» **What is needed**
Every entry, from first to last, must be written out exactly.
○ ○ ○ ○
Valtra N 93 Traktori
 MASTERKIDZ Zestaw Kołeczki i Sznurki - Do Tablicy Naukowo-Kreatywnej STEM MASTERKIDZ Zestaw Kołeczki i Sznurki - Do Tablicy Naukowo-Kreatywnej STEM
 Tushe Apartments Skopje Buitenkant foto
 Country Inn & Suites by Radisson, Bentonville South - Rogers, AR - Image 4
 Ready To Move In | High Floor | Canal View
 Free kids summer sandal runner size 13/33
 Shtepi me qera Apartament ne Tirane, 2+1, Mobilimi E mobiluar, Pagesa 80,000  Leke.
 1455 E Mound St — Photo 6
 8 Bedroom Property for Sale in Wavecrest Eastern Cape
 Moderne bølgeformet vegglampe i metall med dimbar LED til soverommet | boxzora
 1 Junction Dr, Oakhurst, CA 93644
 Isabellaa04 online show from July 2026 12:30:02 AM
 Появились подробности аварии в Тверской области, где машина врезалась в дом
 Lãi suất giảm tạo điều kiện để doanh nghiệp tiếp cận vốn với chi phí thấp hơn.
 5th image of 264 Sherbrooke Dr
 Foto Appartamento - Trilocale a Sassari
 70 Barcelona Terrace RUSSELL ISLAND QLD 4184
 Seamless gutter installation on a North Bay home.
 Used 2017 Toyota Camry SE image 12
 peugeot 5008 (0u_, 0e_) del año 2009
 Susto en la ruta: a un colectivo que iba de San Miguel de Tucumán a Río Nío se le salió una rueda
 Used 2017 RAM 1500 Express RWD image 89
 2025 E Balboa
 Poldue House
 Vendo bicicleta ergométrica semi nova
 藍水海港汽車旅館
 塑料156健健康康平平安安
○ ○ ○ ○
» **Written reply**
Valtra N 93 Traktori
 MASTERKIDZ Zestaw Kołeczki i Sznurki - Do Tablicy Naukowo-Kreatywnej STEM MASTERKIDZ Zestaw Kołeczki i Sznurki - Do Tablicy Naukowo-Kreatywnej STEM
 Tushe Apartments Skopje Buitenkant foto
 Country Inn & Suites by Radisson, Bentonville South - Rogers, AR - Image 4
 Ready To Move In | High Floor | Canal View
 Free kids summer sandal runner size 13/33
 Shtepi me qera Apartament ne Tirane, 2+1, Mobilimi E mobiluar, Pagesa 80,000  Leke.
 1455 E Mound St — Photo 6
 8 Bedroom Property for Sale in Wavecrest Eastern Cape
 Moderne bølgeformet vegglampe i metall med dimbar LED til soverommet | boxzora
 1 Junction Dr, Oakhurst, CA 93644
 Isabellaa04 online show from July 2026 12:30:02 AM
 Появились подробности аварии в Тверской области, где машина врезалась в дом
 Lãi suất giảm tạo điều kiện để doanh nghiệp tiếp cận vốn với chi phí thấp hơn.
 5th image of 264 Sherbrooke Dr
 Foto Appartamento - Trilocale a Sassari
 70 Barcelona Terrace RUSSELL ISLAND QLD 4184
 Seamless gutter installation on a North Bay home.
 Used 2017 Toyota Camry SE image 12
 peugeot 5008 (0u_, 0e_) del año 2009
 Susto en la ruta: a un colectivo que iba de San Miguel de Tucumán a Río Nío se le salió una rueda
 Used 2017 RAM 1500 Express RWD image 89
 2025 E Balboa
 Poldue House
 Vendo bicicleta ergométrica semi nova
 藍水海港汽車旅館
 塑料156健健康康平平安安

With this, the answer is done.